ABOUT THIS EXERCISE: Copy out the whole listing exactly as given. Skip the pictures.
*** MATERIAL PROVIDED ***
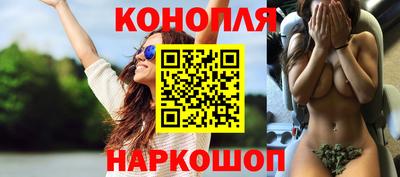 ECSTASY Комсомольск-на-Амуре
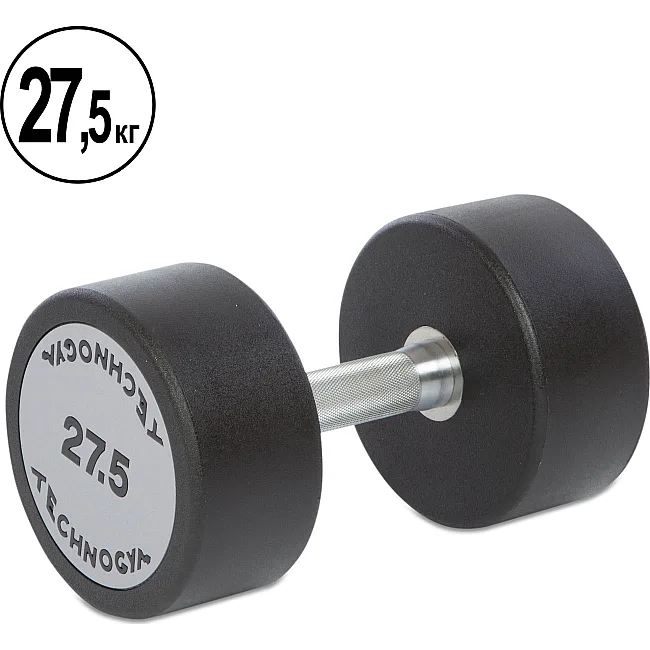 Гантель профессиональная
 с полиуретановым покрытием TECHNOGYM TG-1834-27_5 1шт 27,5кг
*** End of MATERIAL PROVIDED ***
OUTPUT BELOW:
 ECSTASY Комсомольск-на-Амуре
 Гантель профессиональная
 с полиуретановым покрытием TECHNOGYM TG-1834-27_5 1шт 27,5кг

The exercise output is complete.